Das Scheitern der menschlichen Kommunikation mit dem Göttlichen wiederholt sich im Gedicht ›Lacrimae verae‹. Diesmal neutestamentarisch wird das Unvermögen der Kommunikation mit Christus beschrieben. Im ersten Gedicht des Zyklus ›Lacrimae‹ heißt es:
Crucified Lord, you swim upon your cross
And never move.
Gekreuzigter, du schwimmst auf deinem Kreuz
Und regst dich nie.
Ein heutiges barockes Sonett sei, so Ralph Pordzik, eine bewusste Abkehr von der postmodernen Lyrik und ein Akt der Befreiung vom Diktat des Mainstreams.
Hills Affinität zur Malerei wird in seinen Gedichten zu einem bildgewaltigen Exzess der Brutalität. In der Form des Sonetts thematisiert er die Rosenkriege und beschreibt eingängig eine Kontinuität der Gewalt. Auf dem Schlachtfeld und auch in der Hierarchie der Gesellschaft erscheinen alle ersetzbar; der Zeitgeist scheint unerbittlich auf die Massen der Menschen einzuwirken und selbst der Schrecken des Krieges scheint bloßes unheimliches Ritual zu werden. So heißt es im Gedicht »Funeral Music«:
For whom do we scrape our tribute of pain –
For none but the ritual king? We meditate
A rueful mystery; we were dying
To satisfy Caritas; those
Wiped jaws of stone. […]
Für wen denn kratzen wir Leidenstribut zusammen –
Nur für den rituellen König? Wir grübeln
Über ein klägliches Mysterium nach; wir sterben,
Die fette Caritas zu mästen, die sich
Ihr Maul von Stein abwischt. […]
Die Kontinuität der Gewalt setzt sich im Schrecken des Holocaust fort, der dadurch keinen einmaligen Sonderstatus erhält, sondern als Kulmination der bestehenden Gewalt erscheint. Das Gedicht zeigt sich in diesem Zusammenhang als eine anonyme Stimme der Geschichte, die sich dem Nicht-Vergessen verschrieben hat und die sich dem Diktum Adornos, das er allerdings später selbst relativiert hat, widersetzt.
Hills Gedichte »September Song« und »Ovid in the Third Reich« erscheinen in ihrer Mehrdeutigkeit und der Ironie als heikel. Sie zeigen aber auch, dass durch die Betonung der Harmlosigkeiten die Worte an sich nicht mehr harmlos sind, liest man sie in diesem Kontext. In »September Song« heißt es zum Beispiel:
September fattens on vines. Roses
flake from the wall. The smoke
of harmless fires drifts to my eyes.
September mästet sich am Weinlaub. Rosen
Flocken von der Mauer. Der Rauch
Harmloser Feuer zieht mir in die Augen.
An dieser Stelle wird klar, dass die Flocken, Feuer und Rauch durch die Betonung des Harmlosen doppelt belastet werden.

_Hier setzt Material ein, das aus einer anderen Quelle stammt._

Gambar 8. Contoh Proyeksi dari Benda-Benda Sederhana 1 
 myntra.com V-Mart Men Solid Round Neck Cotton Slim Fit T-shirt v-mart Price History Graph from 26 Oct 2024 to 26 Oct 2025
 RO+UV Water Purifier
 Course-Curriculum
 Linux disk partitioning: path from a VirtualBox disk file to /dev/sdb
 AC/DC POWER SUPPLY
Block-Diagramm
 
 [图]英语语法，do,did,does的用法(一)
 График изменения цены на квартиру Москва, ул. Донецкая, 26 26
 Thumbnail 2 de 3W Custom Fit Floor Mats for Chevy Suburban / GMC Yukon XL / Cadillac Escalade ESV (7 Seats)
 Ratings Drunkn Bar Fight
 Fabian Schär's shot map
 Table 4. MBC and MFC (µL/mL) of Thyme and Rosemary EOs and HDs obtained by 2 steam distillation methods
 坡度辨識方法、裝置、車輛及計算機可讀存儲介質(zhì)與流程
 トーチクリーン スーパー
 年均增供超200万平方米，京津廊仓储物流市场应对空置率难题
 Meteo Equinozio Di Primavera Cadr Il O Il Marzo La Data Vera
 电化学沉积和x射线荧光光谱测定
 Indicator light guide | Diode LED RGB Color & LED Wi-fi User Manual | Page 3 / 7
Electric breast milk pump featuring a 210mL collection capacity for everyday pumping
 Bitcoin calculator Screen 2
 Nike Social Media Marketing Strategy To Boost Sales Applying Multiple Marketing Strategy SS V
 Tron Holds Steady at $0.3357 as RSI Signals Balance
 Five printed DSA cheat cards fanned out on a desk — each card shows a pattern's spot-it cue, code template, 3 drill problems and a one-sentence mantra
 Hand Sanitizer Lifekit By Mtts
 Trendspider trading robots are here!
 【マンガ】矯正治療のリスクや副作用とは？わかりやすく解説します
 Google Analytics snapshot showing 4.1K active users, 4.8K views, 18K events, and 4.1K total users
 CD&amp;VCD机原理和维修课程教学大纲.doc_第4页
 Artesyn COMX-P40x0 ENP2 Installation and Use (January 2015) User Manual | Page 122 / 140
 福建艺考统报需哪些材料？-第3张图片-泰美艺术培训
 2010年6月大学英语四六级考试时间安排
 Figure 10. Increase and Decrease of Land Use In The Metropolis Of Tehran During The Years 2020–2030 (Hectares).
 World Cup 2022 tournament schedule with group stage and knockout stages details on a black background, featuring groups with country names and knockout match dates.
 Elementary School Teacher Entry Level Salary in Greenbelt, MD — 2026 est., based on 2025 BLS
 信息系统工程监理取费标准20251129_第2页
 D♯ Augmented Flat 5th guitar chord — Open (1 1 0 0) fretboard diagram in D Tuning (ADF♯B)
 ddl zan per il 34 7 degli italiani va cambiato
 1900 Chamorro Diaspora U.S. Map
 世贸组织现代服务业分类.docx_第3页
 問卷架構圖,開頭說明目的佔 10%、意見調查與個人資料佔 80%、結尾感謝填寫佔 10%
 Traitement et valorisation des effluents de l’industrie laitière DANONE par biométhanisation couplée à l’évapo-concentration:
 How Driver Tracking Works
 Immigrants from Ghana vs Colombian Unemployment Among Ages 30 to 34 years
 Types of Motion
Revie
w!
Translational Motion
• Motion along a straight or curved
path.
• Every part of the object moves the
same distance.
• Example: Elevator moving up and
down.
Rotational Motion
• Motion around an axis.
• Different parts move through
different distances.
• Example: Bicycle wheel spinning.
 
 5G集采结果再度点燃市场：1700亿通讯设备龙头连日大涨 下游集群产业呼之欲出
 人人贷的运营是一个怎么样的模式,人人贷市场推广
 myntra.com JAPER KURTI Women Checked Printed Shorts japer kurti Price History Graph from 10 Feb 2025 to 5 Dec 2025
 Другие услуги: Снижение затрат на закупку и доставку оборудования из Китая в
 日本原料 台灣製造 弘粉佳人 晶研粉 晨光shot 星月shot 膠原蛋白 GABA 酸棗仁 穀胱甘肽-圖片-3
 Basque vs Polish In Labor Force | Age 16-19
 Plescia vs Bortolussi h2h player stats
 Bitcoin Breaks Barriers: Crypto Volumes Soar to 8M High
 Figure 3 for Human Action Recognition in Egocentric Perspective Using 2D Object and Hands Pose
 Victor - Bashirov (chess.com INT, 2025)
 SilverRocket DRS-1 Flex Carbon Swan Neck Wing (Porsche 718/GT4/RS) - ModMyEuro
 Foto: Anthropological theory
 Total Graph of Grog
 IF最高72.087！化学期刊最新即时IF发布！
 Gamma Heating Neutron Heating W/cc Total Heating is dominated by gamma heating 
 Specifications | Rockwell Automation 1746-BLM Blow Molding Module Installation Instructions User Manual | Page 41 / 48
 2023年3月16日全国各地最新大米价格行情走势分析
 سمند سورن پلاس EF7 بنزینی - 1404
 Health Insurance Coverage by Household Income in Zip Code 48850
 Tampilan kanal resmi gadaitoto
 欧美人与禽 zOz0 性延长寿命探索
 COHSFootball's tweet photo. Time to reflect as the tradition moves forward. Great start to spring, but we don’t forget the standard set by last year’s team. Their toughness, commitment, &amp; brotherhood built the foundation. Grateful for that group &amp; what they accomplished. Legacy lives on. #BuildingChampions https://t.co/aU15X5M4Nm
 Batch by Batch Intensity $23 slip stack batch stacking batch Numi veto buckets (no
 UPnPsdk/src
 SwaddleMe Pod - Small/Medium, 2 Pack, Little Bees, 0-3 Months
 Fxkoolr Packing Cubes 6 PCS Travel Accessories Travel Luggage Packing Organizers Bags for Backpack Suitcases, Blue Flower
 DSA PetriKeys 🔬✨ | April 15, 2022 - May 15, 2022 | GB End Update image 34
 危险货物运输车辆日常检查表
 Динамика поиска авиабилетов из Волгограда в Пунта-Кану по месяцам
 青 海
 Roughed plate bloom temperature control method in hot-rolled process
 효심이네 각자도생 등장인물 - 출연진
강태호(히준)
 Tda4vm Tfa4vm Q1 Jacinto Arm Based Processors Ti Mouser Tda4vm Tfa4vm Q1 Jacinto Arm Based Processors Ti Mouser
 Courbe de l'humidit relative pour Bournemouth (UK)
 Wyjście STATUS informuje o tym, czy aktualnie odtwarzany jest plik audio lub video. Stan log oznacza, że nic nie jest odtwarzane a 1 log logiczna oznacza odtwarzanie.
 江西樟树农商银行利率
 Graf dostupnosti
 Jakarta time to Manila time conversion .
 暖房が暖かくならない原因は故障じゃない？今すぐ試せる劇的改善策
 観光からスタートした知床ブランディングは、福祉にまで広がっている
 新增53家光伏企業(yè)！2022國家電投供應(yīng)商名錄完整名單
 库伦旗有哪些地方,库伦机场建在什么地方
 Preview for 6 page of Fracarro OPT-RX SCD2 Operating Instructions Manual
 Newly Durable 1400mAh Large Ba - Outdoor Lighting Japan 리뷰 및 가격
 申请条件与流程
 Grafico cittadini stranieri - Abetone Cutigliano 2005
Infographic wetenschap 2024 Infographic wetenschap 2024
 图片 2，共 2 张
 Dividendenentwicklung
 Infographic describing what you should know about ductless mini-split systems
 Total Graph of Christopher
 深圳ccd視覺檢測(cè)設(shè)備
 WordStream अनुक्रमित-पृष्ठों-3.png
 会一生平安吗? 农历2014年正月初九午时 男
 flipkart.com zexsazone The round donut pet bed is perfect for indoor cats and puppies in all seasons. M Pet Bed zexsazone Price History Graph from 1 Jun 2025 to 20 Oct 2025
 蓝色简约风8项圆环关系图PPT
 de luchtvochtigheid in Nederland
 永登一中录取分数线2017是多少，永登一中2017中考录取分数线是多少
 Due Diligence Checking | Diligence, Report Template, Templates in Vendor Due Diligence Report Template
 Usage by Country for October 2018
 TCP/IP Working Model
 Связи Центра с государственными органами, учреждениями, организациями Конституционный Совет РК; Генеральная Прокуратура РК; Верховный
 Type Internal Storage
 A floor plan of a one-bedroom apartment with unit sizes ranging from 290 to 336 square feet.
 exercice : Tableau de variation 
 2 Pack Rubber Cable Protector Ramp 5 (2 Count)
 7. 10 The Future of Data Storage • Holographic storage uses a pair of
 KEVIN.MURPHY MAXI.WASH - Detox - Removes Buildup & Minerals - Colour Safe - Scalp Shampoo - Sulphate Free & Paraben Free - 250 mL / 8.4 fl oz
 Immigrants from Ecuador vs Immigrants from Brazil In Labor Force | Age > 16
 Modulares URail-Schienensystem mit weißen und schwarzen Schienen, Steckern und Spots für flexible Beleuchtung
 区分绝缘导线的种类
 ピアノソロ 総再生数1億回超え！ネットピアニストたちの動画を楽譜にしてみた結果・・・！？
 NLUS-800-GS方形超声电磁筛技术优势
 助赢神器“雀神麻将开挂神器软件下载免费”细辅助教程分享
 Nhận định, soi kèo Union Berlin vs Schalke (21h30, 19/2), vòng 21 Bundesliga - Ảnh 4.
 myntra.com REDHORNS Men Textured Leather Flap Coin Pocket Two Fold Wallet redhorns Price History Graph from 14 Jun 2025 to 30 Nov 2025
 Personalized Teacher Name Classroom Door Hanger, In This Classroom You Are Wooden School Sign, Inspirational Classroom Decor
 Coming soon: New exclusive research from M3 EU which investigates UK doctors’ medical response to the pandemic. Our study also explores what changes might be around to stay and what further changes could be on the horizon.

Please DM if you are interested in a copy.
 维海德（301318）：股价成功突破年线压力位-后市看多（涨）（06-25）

Auf die Frage, ob ein Gedicht selbst an der Gewalt teilnimmt, indem es voyeuristisch und bildgewaltig ist, geht Hill in seinem metalyrisch zu nennenden Gedicht „History as poetry“ ein:
Poetry as solutation; taste
Of Pentecost’s ashen feast. Blue wounds.
The tongue’s atricities. Poetry
Unearths from among the speechless dead
Lazarus mystified, common man
Of death […]
Dichtung als Gruß hinüber; der Geschmack
Nach Pfingstens Aschenfest. Die blauen Wunden.
Zungen-Greuel. Dichtung
Holt aus dem Grab sprachloser Toter
Einen bestürzten Lazarus ans Licht, gemeinen Mann
Des Todes. […]
Eine besondere Verdichtung erhält das Gedicht durch die Erwähnung des Pfingstfestes, bei dem alle Missverständnisse und die Strafe von Babel aufgehoben werden und gleichzeitig wird diese Möglichkeit sofort wieder negiert und die Dichtung genau in diesen Fokus der Schuld gerückt.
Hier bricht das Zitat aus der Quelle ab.